• **INSTRUCTIONS FOR THE TASK**
Would you pull out every line of the material that contains the string "home"?
»»
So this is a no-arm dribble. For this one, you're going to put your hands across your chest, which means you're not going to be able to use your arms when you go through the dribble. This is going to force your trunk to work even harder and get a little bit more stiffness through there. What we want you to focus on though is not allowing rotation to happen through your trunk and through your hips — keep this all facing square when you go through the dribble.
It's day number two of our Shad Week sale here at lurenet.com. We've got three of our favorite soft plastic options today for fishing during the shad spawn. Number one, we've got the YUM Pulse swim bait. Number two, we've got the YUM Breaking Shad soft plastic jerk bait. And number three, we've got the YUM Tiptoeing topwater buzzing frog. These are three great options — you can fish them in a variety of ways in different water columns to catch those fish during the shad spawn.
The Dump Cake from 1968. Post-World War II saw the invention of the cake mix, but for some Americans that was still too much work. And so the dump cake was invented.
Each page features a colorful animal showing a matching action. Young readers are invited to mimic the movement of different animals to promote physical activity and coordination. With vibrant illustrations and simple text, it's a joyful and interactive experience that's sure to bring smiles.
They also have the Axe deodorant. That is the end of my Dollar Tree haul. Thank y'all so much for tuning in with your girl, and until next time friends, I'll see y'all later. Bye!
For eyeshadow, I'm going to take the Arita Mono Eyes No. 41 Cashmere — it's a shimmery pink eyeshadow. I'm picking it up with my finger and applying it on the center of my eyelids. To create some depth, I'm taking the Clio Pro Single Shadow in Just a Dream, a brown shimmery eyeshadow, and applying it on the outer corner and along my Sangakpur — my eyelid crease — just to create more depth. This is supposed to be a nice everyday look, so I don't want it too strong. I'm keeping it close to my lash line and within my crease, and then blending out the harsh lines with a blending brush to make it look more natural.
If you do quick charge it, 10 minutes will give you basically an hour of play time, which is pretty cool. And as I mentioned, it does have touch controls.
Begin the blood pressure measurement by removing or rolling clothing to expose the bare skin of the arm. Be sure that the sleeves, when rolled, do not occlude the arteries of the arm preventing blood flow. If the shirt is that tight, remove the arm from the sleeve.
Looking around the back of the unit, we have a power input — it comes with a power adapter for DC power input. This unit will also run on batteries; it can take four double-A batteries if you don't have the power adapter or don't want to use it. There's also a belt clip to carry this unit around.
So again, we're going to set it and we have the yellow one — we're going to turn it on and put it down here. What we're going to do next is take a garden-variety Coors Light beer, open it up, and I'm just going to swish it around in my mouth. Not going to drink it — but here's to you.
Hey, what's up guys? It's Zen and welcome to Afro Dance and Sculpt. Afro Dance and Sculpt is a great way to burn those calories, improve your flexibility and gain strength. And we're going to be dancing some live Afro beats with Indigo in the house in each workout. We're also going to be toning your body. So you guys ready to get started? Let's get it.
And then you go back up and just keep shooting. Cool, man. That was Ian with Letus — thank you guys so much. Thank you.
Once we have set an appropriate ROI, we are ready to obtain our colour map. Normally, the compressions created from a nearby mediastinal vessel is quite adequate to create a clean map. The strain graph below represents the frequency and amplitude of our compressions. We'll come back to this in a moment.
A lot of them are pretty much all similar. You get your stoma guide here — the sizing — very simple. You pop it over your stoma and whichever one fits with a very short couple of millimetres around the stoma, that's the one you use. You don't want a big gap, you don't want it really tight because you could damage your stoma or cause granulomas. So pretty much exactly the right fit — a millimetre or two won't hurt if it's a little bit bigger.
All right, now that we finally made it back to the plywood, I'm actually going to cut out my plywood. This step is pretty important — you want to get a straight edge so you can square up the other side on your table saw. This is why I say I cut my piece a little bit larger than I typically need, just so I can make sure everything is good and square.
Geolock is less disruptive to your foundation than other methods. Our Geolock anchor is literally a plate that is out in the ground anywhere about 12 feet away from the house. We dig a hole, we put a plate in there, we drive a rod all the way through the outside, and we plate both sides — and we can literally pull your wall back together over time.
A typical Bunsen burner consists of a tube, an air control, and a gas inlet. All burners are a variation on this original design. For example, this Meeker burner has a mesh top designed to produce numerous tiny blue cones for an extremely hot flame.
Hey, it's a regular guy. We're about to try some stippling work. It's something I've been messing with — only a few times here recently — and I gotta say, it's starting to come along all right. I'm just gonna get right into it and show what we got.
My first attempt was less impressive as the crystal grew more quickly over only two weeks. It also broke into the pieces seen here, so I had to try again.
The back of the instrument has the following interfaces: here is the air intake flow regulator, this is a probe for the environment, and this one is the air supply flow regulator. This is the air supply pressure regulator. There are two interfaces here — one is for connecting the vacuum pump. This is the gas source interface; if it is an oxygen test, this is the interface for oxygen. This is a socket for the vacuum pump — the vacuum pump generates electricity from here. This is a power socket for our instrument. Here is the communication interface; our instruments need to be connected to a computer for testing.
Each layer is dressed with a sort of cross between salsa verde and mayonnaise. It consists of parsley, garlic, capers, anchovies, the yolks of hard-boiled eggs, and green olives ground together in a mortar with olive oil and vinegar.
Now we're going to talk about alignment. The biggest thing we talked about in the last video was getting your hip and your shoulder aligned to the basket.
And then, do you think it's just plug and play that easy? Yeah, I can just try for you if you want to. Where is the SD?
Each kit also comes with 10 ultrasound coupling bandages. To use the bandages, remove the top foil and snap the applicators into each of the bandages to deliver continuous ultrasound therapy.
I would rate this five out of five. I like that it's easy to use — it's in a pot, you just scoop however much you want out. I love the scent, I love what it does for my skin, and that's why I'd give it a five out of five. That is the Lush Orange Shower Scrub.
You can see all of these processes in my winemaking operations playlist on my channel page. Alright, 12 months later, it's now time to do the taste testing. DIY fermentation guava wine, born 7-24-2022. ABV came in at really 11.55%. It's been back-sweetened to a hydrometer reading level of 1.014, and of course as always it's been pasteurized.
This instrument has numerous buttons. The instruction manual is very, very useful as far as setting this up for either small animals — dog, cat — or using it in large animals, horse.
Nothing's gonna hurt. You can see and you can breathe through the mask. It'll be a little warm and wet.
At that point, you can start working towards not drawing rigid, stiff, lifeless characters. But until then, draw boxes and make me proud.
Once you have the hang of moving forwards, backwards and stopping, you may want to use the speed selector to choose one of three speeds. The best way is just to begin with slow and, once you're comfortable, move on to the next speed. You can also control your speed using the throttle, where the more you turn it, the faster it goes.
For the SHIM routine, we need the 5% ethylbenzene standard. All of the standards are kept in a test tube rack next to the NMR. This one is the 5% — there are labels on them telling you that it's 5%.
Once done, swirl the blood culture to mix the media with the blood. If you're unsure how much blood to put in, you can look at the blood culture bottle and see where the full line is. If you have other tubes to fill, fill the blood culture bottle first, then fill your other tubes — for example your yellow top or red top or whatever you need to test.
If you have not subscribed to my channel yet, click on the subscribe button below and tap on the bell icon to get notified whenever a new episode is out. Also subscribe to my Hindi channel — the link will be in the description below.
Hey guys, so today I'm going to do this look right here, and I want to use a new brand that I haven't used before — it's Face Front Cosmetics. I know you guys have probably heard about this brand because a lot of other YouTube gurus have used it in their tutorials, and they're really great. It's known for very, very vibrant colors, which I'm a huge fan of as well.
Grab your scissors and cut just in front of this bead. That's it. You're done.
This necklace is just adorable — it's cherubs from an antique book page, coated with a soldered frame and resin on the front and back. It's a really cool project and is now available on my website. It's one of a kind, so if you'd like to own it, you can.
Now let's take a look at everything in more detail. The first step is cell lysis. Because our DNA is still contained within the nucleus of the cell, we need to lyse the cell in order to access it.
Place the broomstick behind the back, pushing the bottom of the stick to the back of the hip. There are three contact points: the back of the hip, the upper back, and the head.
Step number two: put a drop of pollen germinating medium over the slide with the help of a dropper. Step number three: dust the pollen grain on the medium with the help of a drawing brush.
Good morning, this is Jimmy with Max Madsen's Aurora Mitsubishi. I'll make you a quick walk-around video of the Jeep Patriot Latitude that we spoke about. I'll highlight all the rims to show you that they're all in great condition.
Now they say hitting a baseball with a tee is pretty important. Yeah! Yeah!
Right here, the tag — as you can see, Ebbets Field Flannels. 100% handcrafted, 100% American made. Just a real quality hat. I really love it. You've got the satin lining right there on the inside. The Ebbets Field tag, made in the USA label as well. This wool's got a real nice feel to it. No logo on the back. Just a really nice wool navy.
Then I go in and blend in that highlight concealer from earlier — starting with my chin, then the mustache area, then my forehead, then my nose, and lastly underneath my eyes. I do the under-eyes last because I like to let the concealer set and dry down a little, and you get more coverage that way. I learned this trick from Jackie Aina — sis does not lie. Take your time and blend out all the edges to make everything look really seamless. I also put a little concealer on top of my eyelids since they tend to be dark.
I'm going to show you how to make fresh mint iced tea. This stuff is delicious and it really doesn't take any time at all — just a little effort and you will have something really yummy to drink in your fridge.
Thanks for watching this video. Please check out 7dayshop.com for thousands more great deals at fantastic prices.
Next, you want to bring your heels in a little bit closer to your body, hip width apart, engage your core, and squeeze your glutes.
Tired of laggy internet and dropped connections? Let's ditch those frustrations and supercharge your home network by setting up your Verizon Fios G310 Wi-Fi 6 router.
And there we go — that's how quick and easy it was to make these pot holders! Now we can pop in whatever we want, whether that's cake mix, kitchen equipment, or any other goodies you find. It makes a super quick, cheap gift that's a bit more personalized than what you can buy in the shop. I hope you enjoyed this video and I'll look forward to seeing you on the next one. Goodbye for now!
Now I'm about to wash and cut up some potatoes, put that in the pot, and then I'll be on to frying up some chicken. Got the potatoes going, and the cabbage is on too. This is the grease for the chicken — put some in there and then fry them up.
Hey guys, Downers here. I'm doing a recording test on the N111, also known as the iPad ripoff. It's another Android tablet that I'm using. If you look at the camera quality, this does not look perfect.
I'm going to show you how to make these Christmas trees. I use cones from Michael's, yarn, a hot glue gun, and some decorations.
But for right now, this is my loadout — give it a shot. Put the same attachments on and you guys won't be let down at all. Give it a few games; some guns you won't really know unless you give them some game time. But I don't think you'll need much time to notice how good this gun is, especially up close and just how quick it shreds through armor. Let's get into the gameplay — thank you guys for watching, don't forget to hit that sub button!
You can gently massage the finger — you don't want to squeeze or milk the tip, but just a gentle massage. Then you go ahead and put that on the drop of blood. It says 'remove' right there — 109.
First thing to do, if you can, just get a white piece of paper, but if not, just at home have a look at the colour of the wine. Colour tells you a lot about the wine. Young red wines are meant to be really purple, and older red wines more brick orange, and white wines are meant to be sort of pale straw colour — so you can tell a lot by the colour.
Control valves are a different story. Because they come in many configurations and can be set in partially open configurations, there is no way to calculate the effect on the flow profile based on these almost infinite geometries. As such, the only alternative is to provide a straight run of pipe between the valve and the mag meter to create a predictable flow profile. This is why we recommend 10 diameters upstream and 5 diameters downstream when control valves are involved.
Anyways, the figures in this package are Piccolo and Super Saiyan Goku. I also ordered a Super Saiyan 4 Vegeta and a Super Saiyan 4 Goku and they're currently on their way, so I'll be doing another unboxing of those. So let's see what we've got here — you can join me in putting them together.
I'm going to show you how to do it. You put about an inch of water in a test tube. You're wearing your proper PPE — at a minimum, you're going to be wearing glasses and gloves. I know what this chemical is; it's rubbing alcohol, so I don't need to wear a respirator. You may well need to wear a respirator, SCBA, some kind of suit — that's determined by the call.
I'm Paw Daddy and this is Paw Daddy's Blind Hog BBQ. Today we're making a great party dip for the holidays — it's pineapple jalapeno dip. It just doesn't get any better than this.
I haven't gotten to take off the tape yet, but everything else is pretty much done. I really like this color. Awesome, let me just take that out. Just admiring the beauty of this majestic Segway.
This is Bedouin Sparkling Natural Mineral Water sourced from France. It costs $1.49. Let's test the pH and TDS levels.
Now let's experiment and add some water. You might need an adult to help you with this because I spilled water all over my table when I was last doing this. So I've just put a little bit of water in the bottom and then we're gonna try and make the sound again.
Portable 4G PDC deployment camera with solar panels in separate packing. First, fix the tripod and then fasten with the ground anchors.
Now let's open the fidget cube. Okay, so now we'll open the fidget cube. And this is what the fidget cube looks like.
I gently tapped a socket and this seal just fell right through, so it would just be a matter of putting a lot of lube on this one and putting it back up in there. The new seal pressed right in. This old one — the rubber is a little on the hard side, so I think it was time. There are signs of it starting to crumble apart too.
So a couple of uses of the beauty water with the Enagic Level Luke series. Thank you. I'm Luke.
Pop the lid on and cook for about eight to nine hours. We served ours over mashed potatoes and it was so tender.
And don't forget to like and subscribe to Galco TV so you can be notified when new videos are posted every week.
««
• **EXPECTED OUTPUT**
Tired of laggy internet and dropped connections? Let's ditch those frustrations and supercharge your home network by setting up your Verizon Fios G310 Wi-Fi 6 router.
First thing to do, if you can, just get a white piece of paper, but if not, just at home have a look at the colour of the wine. Colour tells you a lot about the wine. Young red wines are meant to be really purple, and older red wines more brick orange, and white wines are meant to be sort of pale straw colour — so you can tell a lot by the colour.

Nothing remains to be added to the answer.